Solved – Is it better to remove higher order interactions or least significant terms first in model simplification

interactionmixed modelmodel selection

I have a mixed effects model with 3 explanatory factors and a full interaction set (including 3 way interaction). This is the full model. Factor 1 is time and I am interested in the change in the response variable over time. Therefore, only factors or interactions where time is present are biologically relevant.

My questions are:
1) Is it better to begin model simplification by removing the highest order (3-way) interaction first, or by removing the least significant term first (which in this case is factor 2)? The 3 way interaction does actually have a relevant interpretation. I have seen both options proposed.

2)Is it okay to include interactions but remove their basic factors (IE include time x treatment when treatment alone is removed from the model)? Several of the basic factors make no sense when not interacting with time. IE measuring the effect of treatment when you are excluding time doesn't make much sense since starting conditions inside each treatment level are identical.

If my hypothesis is correct the final model should include several factor interactions but should not include basic factor 2 or 3 (as they make no sense in the absence of the time factor).

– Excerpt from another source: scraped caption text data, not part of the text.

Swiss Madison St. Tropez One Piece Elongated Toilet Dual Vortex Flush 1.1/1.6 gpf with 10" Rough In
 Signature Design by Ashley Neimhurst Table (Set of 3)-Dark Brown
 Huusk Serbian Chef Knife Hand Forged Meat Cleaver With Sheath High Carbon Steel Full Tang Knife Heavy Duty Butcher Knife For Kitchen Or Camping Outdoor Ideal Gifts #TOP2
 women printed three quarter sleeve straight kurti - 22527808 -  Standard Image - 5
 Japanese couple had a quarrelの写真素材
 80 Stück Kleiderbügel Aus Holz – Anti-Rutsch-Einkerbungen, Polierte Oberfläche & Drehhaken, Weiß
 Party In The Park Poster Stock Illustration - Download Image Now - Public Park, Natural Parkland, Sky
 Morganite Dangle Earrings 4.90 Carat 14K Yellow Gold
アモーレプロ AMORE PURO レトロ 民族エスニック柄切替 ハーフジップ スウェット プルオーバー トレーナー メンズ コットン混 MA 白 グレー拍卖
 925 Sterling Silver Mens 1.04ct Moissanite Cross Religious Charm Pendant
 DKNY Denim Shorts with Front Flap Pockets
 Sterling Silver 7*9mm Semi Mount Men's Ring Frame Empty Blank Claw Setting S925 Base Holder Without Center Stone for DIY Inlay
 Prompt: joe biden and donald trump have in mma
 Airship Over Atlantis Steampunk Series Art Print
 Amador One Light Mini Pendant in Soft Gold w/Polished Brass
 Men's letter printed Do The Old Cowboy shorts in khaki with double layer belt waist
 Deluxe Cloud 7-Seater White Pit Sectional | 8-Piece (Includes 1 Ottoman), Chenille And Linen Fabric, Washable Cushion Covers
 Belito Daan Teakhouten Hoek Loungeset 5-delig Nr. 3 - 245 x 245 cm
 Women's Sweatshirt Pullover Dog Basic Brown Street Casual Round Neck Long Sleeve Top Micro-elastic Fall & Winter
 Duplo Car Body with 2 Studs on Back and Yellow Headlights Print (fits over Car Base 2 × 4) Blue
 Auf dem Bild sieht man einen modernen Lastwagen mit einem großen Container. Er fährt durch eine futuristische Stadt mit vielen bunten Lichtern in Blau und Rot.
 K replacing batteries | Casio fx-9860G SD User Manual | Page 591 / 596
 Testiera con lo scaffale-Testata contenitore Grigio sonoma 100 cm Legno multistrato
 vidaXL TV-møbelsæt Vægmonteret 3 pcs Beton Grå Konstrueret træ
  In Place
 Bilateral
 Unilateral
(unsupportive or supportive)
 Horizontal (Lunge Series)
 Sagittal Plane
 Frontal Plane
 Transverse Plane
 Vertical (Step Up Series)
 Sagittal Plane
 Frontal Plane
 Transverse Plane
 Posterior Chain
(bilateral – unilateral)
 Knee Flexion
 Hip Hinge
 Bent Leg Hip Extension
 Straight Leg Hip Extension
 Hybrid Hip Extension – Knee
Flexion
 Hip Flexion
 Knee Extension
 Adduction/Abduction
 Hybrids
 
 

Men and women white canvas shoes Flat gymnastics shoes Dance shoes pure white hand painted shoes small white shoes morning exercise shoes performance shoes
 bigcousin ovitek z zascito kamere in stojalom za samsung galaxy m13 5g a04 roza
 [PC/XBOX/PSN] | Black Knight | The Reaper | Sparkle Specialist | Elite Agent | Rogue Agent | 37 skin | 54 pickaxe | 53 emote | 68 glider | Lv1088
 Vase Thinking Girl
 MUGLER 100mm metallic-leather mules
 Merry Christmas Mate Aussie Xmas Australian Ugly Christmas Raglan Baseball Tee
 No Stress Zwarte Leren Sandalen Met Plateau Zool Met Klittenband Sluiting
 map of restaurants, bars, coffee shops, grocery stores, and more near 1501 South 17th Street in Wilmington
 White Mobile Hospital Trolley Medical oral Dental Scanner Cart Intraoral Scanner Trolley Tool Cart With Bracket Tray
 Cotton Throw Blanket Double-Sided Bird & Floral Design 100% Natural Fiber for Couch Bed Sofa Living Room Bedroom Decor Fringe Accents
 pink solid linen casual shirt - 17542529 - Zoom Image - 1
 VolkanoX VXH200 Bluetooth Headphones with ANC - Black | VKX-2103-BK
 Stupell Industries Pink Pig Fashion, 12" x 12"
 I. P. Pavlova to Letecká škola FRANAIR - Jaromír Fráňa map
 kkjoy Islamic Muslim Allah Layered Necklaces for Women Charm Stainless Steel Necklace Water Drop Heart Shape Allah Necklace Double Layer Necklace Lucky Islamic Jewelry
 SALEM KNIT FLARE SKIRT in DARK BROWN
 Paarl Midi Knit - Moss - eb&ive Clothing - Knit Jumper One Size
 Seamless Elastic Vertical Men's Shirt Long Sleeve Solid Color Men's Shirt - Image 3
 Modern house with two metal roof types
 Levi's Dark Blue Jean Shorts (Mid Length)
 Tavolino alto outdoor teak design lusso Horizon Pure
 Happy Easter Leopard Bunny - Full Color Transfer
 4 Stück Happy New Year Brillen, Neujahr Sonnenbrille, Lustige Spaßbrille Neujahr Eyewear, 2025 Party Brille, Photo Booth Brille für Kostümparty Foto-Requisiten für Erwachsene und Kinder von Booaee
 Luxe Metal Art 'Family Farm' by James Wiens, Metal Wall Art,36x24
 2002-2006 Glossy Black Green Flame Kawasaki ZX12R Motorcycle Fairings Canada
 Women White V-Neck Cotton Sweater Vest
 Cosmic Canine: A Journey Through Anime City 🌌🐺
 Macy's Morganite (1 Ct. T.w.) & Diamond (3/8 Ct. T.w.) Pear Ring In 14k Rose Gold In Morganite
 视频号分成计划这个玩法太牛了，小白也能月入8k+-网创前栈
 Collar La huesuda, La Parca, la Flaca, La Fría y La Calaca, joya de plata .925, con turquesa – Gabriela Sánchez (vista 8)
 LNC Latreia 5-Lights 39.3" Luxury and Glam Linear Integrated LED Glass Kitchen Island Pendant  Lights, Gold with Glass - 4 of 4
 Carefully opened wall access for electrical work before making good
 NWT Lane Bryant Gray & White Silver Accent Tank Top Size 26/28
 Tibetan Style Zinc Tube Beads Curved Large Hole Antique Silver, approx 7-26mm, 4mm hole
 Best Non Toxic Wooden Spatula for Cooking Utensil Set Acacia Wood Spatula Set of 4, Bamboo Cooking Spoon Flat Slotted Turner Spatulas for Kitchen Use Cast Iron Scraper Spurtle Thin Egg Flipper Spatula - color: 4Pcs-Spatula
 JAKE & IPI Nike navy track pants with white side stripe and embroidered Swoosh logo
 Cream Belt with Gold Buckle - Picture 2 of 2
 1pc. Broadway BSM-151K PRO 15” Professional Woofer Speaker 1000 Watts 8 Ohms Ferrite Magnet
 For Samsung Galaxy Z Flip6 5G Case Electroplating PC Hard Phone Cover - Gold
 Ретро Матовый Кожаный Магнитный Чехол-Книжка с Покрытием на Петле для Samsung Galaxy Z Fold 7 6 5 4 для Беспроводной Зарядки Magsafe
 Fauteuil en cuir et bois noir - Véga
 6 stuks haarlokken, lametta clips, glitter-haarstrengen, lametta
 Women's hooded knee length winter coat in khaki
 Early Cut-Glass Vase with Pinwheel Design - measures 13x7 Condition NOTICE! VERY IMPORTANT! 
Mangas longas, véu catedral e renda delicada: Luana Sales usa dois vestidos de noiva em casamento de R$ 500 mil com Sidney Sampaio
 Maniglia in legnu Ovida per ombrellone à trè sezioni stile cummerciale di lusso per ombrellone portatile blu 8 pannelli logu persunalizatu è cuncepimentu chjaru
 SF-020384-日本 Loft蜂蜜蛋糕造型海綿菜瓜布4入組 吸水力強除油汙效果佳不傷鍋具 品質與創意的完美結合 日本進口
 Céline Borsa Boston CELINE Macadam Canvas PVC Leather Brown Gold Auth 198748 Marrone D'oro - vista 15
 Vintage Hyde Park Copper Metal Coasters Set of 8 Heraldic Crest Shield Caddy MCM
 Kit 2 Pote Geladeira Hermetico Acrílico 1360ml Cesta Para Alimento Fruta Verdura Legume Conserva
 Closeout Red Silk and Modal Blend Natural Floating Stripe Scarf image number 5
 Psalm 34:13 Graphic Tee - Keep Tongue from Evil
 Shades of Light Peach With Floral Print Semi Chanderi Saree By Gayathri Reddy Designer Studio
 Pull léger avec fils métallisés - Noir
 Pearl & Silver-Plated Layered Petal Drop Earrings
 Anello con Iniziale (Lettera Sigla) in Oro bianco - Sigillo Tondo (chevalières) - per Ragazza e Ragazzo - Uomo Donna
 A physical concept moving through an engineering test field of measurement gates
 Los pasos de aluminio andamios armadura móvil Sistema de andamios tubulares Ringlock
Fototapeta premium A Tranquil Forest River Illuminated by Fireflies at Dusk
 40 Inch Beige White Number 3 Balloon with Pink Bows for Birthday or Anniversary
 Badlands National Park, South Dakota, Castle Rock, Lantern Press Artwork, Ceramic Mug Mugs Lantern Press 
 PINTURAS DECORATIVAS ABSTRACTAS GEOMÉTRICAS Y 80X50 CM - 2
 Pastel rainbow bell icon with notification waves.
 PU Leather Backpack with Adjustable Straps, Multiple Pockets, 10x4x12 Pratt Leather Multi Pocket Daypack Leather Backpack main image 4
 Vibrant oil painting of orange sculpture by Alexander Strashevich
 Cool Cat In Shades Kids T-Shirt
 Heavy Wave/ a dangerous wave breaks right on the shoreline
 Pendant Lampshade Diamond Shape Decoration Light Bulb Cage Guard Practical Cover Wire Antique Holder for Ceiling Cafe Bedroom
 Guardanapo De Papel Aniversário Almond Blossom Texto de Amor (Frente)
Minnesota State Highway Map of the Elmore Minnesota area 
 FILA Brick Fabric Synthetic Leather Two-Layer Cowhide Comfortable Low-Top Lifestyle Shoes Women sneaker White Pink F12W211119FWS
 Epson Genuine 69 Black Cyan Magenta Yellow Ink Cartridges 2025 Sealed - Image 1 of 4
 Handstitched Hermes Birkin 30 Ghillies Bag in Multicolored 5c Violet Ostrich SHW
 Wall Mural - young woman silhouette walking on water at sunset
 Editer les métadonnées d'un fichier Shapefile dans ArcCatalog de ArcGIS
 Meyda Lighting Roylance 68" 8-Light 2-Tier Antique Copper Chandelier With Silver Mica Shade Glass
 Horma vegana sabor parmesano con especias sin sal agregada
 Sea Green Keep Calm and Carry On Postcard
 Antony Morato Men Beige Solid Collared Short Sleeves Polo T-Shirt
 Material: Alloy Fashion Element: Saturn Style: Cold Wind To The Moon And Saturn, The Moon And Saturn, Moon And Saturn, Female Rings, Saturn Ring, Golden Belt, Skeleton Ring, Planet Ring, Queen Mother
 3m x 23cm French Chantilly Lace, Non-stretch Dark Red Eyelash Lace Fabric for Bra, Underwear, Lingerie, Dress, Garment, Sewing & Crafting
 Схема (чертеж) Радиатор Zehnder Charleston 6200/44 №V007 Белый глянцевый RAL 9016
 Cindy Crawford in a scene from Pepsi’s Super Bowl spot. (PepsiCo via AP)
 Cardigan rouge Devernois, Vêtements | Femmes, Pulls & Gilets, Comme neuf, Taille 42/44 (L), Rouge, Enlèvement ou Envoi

Thank you for your help. I am happy to clarify if my question is ambiguous.

Best Answer

Except in very unusual cases, you should not remove an effect and leave-in any effects that contain it. So if you find that the $AB$ interaction is significant, then don't throw out the main effects of $A$ or $B$. Similarly, don't keep $ABC$ and throw out $AB$, or $B$, or any other main effect or two-way interaction involving those three factors.

So, I recommend reading the ANOVA table from the bottom up. You can throw out stuff at the bottom to simplify the model, and work upward, keeping this effect hierarchy in mind.

To see, why, consider a simple illustration, where $A$ and $B$ both have two levels. Let $\mu_{ij}$ denote the expected response at the $i$th level of $A$ and the $j$th level of $B$. If you think that $A$ and $B$ interact, you are saying that the $A$ effects depend on $B$ and vice versa; and this is essentially the same as saying the the combinations of $A$ and $B$ should be regarded as levels of one factor (having 4 levels in this example). As such, the effects of this 4-level factor are quantified as contrasts $c_{11}\mu_{11}+c_{12}\mu_{12} + c_{21}\mu_{21} + c_{22}\mu_{22}$, where the $c_{ij}$ sum to zero. But if you exclude $A$ from the model, you are saying that the $A$ effect, $\{(\mu_{11}+\mu_{12}) - (\mu_{21}+\mu_{22})\}/2$ is equal to zero---thus limiting the contrasts you are willing to consider. Put another way, the four-level factor determined by the levels of $A$ and $B$ together has 3 degrees of freedom, but the interaction effect $AB$ has only 1 d.f.; the other two d.f. are covered by the $A$ and the $B$ main effects.